## WORK ITEM:
Range to reproduce from the entries below: the line with "Vista 8 de Boulder", the line with "Blumenkind Mädchen mit Sonnenhut - 11cm", and every line in between. Give them exactly and give nothing else.

## Caption-style text data:
+++++

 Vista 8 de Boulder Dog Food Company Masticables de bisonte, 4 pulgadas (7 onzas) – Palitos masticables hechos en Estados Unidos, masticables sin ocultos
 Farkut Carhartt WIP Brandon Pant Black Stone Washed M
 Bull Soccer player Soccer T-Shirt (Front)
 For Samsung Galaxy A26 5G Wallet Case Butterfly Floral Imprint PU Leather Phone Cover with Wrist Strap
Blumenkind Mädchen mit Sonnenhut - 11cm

+++++

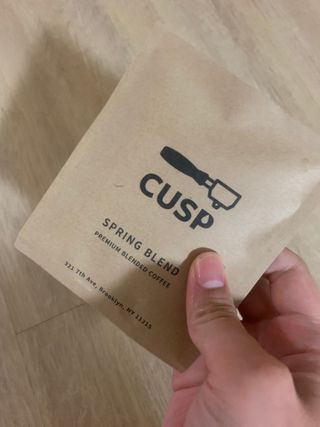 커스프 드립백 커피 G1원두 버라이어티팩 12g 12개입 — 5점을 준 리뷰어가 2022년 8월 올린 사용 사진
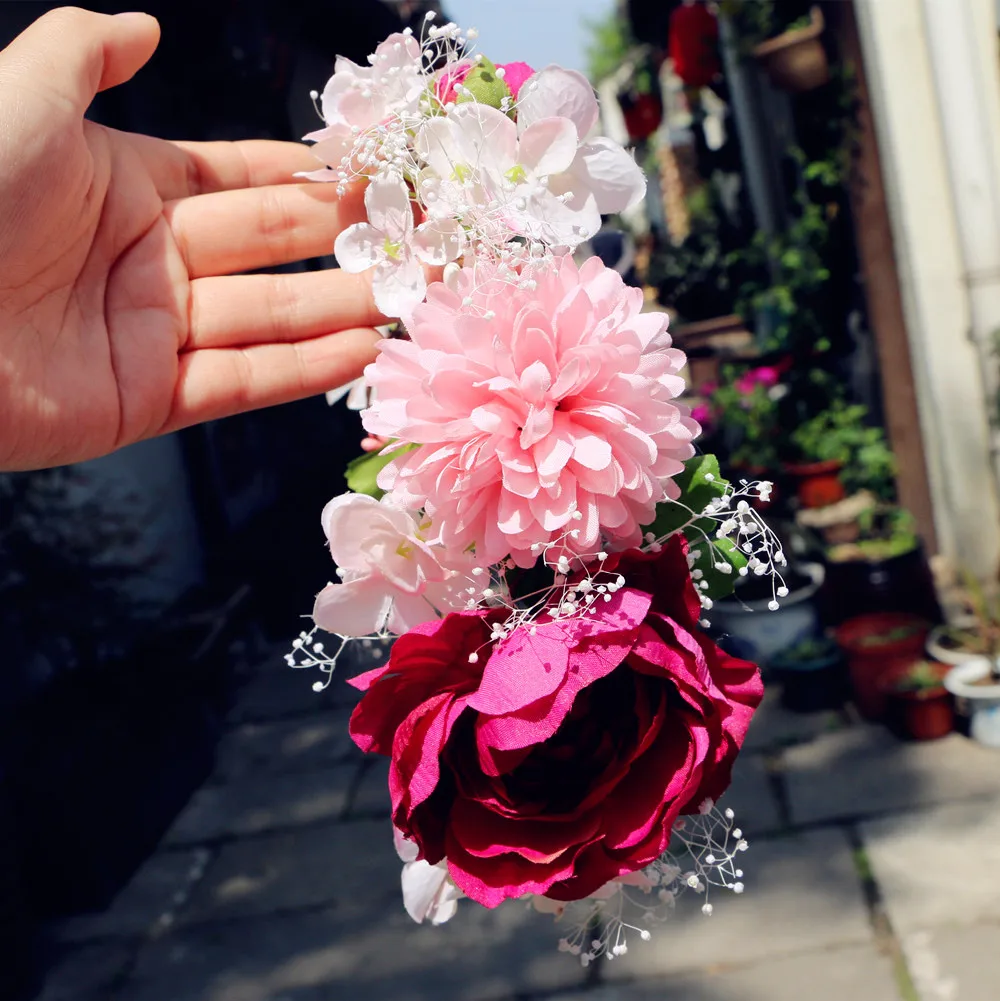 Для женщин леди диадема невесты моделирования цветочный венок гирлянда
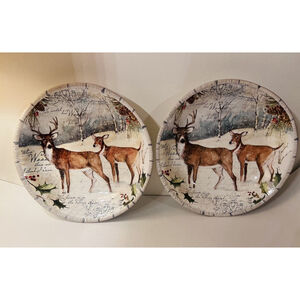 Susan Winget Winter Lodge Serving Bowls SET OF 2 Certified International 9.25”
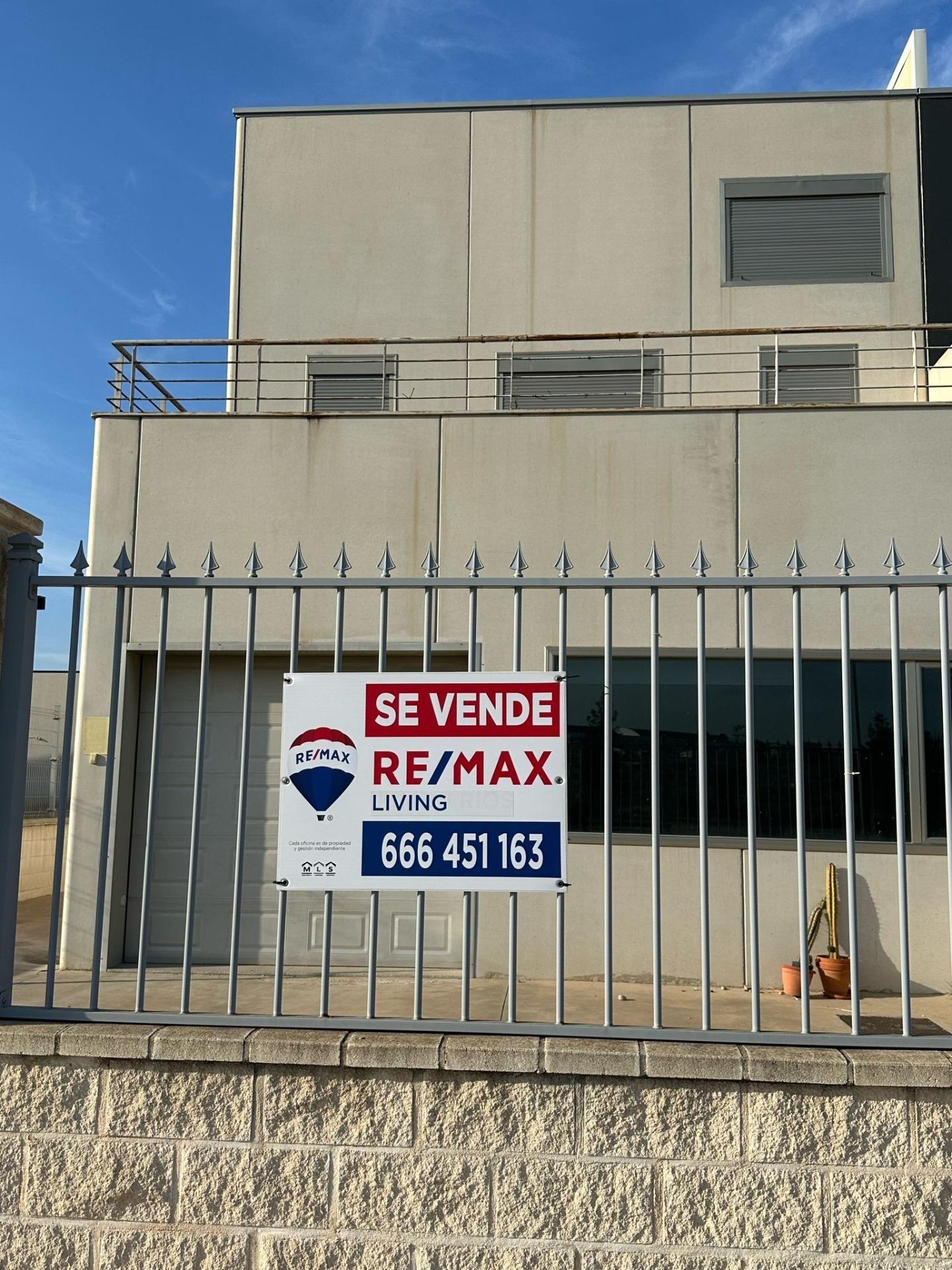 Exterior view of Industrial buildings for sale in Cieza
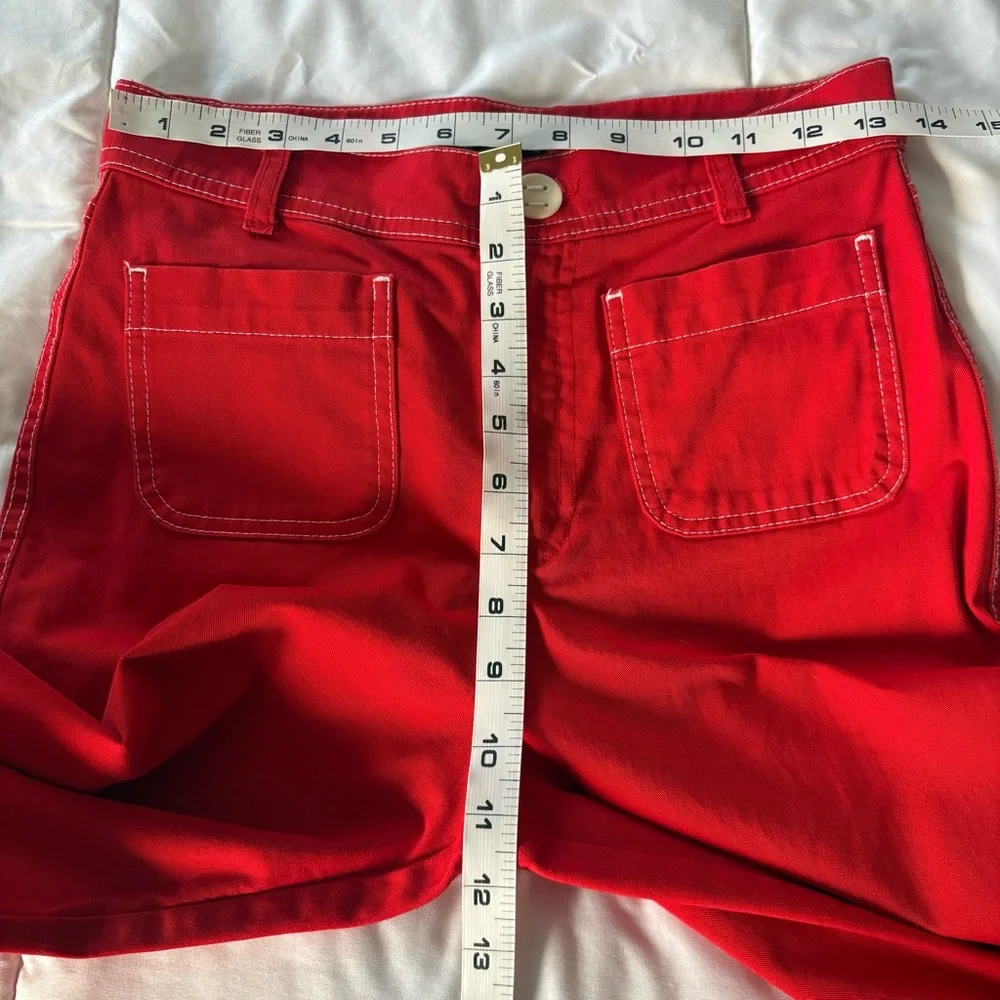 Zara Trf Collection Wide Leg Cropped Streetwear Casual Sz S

+++++

## PROBLEM SOLUTION:
 Vista 8 de Boulder Dog Food Company Masticables de bisonte, 4 pulgadas (7 onzas) – Palitos masticables hechos en Estados Unidos, masticables sin ocultos
 Farkut Carhartt WIP Brandon Pant Black Stone Washed M
 Bull Soccer player Soccer T-Shirt (Front)
 For Samsung Galaxy A26 5G Wallet Case Butterfly Floral Imprint PU Leather Phone Cover with Wrist Strap
Blumenkind Mädchen mit Sonnenhut - 11cm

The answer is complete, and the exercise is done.